The speed-dating event ended up being the highlight of the entire episode though. It seems like there were hardly any other women there, as if they billed it as, like, Housewives Speed Dating event. Why would anyone want to date one of these women? Carole shows up to the party and tells Rori (of course her name is Rori with an “i”) that two of her friends came to watch because they’re in relationships and four of her friends are there to participate because, “They’re in various states of …” At this point Carole took a long pause and it was a bit like Real Housewives Mad Libs. “Various states of decline.” “Various states of confusion.” “Various states of perimenopause.” “Various states of undress.” I mean, I could go on for the next week.
The one who really showed up to speed dating was Ramona. Watching Ramona flirt is like watching one of those 1950s filmstrips about fast girls who might end up in a home run by nuns if they don’t clean up their acts. It’s like an abnormal mimicry of everything that she shouldn’t be doing, but she’s doing it anyway. She sets her focus on this guy Brian who is wearing a red scarf and is apparently a successful lawyer. Other than one guy who was 44 with curly gray hair who thought Ramona was also in her 40s (which won him a kiss on the lips), Brian was the hottest guy there. Ramona is not stupid. She goes right for the best room on vacation and she goes right for the hottest guy at speed dating.
Turns out that Brian and Bethenny had been on a sort of lunch date a few years previously. While Ramona and Brian hit it off both before the event and on their “date,” he confesses to Bethenny that the only reason he showed up was because he thought she might be there and he wanted to see her again. Also Rori had Carole come to this event to meet Brian because Rori thought they would really hit it off. I mean, is Brian the only eligible, attractive, successful heterosexual in Manhattan who is over the age of 40? Why are all of these girls clamoring for the same man?
After the event, Brian is talking to Bethenny again to try to seal that deal (even though Bethenny said she’s not interested). Ramona comes over with a drink for him and is like, “You bought me a drink so I bought you one in return. Cheers,” and then she walks away. That is fucking baller. That is the gutsiest, sexiest, craziest move that I have ever seen a woman perpetrate in pursuit of a man and that alone makes me want to propose to Ramona Singer.

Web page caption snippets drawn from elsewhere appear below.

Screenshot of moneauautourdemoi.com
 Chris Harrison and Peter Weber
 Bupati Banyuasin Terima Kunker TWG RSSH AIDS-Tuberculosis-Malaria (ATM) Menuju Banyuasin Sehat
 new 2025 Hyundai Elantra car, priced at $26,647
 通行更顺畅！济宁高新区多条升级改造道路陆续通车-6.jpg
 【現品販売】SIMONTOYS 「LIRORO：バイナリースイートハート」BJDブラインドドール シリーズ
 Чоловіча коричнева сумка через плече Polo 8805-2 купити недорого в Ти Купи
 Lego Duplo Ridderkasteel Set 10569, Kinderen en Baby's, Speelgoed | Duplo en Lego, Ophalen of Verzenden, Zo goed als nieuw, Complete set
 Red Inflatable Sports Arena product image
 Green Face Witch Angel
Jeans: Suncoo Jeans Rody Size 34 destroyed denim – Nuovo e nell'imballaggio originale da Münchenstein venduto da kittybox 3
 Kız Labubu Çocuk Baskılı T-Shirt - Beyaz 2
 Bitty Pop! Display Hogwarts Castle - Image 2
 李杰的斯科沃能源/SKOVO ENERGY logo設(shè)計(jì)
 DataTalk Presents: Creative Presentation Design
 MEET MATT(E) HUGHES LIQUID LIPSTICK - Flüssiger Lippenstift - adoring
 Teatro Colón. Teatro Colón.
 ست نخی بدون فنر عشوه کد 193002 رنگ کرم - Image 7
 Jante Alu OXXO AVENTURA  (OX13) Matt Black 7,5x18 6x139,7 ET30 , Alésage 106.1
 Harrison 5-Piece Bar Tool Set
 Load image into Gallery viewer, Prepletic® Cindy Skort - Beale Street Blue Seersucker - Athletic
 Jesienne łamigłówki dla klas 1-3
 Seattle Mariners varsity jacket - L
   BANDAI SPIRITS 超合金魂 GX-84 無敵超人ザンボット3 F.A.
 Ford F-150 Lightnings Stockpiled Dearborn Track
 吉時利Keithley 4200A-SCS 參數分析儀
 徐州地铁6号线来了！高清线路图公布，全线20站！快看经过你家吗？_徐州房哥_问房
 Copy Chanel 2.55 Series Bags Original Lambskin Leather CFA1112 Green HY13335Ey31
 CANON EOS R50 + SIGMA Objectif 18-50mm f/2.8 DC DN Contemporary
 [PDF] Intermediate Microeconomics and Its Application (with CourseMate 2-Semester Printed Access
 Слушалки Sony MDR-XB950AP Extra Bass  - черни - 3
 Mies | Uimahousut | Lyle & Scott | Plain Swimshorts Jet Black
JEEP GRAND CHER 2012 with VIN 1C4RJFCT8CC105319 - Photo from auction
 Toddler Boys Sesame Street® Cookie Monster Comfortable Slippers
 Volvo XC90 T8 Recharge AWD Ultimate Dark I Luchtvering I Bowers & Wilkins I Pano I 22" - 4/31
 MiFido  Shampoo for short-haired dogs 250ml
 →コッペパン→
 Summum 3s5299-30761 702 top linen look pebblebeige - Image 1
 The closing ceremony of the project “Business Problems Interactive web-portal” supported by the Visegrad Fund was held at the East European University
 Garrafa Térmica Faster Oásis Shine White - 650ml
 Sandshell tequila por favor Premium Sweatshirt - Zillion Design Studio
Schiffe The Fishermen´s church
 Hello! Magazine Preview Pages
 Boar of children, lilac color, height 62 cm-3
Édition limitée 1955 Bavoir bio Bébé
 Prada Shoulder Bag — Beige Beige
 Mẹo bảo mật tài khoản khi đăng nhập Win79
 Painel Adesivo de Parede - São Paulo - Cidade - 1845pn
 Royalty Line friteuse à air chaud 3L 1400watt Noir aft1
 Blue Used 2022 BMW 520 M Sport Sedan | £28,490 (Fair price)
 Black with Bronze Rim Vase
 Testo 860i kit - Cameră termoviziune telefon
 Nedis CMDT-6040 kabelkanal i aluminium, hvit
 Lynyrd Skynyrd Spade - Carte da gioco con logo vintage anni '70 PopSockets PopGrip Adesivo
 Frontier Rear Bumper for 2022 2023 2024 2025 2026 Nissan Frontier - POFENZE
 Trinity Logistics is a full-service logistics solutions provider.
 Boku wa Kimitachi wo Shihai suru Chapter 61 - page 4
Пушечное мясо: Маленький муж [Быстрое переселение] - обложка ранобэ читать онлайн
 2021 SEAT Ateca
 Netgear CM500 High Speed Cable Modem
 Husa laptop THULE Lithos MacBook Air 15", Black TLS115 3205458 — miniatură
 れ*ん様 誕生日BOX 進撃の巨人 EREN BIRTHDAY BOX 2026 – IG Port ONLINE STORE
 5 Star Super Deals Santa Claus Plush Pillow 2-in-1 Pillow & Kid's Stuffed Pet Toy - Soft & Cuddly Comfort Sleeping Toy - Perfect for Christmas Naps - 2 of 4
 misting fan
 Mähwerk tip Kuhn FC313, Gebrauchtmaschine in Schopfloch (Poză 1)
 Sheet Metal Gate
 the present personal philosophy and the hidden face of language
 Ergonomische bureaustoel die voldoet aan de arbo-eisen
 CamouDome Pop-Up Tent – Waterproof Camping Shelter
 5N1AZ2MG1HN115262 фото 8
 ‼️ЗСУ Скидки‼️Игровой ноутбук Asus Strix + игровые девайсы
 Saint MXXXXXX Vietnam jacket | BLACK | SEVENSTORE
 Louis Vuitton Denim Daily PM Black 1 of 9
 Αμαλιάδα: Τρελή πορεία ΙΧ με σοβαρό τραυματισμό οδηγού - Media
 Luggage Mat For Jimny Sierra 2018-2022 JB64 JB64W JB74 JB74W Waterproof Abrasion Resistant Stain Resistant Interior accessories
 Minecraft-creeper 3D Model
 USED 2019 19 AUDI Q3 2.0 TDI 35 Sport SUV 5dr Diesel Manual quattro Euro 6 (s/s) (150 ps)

All of the women have found suitable, attractive men and Sonja is over in a corner cuddling up to some schmo named Morty who has a stain on his shirt and she’s like “Ah, he’s good enough.” Then she starts talking to him about spanking and this perv tells her that he’s going to tie her up and spank the hell out of her so that she has red hand marks on her ass the next day. Sonja picked up her drink and swallowed it in one gulp, shouted “check please!” to the waiter, and immediately walked out of the room with her boa trailing on the ground behind her. Well, that didn’t exactly happen, but in my mind it did.
The other best part of speed dating is that Tinsley invited all of the women to Colombia. She tells them that it’s totally safe and that she’s been down there like ten times. She was even a bridesmaid for a friend’s wedding down there. What she doesn’t mention is that wedding was Lauren Santo Domingo’s and that Lauren is a former editor at Vogue and she married a Colombian billionaire. Yeah, I would be spending a lot of time up in Colombia if those were my friends too. More importantly this means that the Boat Ride from Hell can only be a few episodes away and I have never been more excited about anything in my life and that includes the prospect of Madonna one day doing a Vegas residency.
This big trip announcement happened at the speed dating and Rori called up a friend of hers after she heard the news. “Why aren’t you here?” she asked leaving a voicemail. “They’re all here and I have some major news for you. I know where the trip is going to be. It’s going to be …” but before she could finish her sentence she heard on the other line, “Jill Zarin’s mailbox is full.”